Jane’s PhD at the University of Wisconsin was on the great golden digger wasp, Sphex ichneumoneus. She came to Oxford bearing large quantities of meticulously systematic observations of the behaviour of individually marked female wasps in two different field sites, in New Hampshire and Michigan, and it was on these measurements – originally made for a quite different purpose, more related to David McFarland’s field than to mine – that we ended up working together.

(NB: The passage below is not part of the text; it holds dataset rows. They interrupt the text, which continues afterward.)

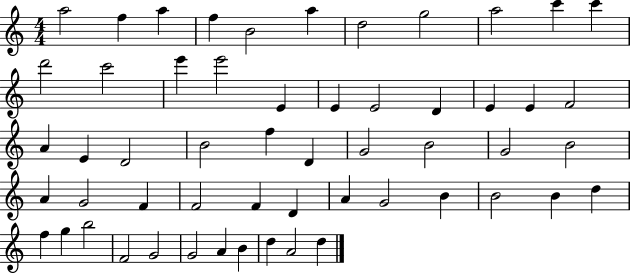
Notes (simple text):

A5/h F5/q A5/q F5/q B4/h A5/q D5/h G5/h A5/h C6/q C6/q D6/h C6/h E6/q E6/h E4/q E4/q E4/h D4/q E4/q E4/q F4/h A4/q E4/q D4/h B4/h F5/q D4/q G4/h B4/h G4/h B4/h A4/q G4/h F4/q F4/h F4/q D4/q A4/q G4/h B4/q B4/h B4/q D5/q F5/q G5/q B5/h F4/h G4/h G4/h A4/q B4/q D5/q A4/h D5/q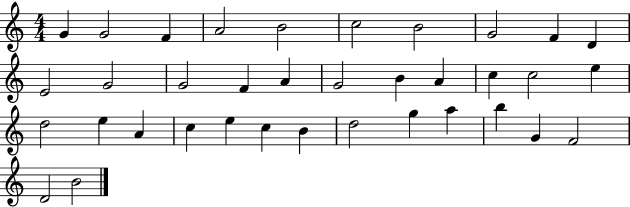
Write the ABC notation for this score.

X:1
T:Untitled
M:4/4
L:1/4
K:C
G G2 F A2 B2 c2 B2 G2 F D E2 G2 G2 F A G2 B A c c2 e d2 e A c e c B d2 g a b G F2 D2 B2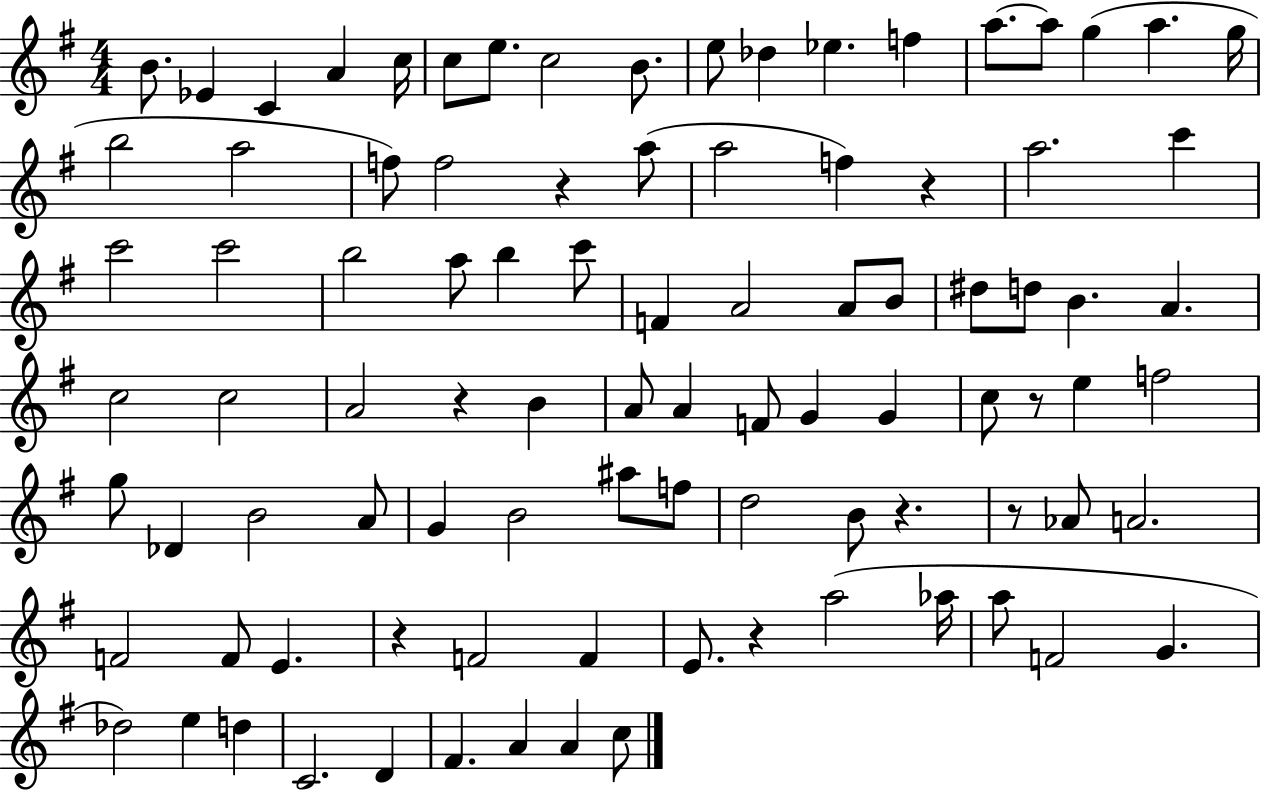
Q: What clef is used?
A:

Not all wasps are social, like the familiar striped vespids known to Americans as yellowjackets, and to all of us as jam-loving spoilers of teatime in the garden. Many wasp species are solitary, and Sphex is among them. Female digger wasps, once mated, do all the work on their own, with no workers to help. Males disappear after mating, leaving the females holding the babies. Well, not literally holding. The typical cycle is as follows. The female digs a burrow about six inches deep, slightly angled from the vertical and terminating in a short side tunnel leading to a widened chamber. She then sallies forth in search of prey, which for this species of digger wasp consists of katydids (elegant, usually green, long-horned grasshoppers). She catches a katydid, stings it to paralyse but not kill it, flies home with it, then drags it down the burrow into the chamber. She repeats this several times until she’s amassed a tidy pile of up to half a dozen katydids in the burrow, then lays an egg on top of the pile. She sometimes then excavates another side chamber elsewhere in the same burrow and repeats the process with fresh katydids. Finally she seals up the burrow, and proceeds to do the same with a new burrow. Some digger wasp species pick up a small stone in their jaws and use it as a hammer to tamp down the soil – a feat which has been dramatically hailed as tool use, once thought a human monopoly. When an egg hatches inside its secure, dark chamber, the larva feeds on the paralysed katydids, fattens on their nourishment, and eventually pupates and emerges as an adult wasp of the next generation, male or female.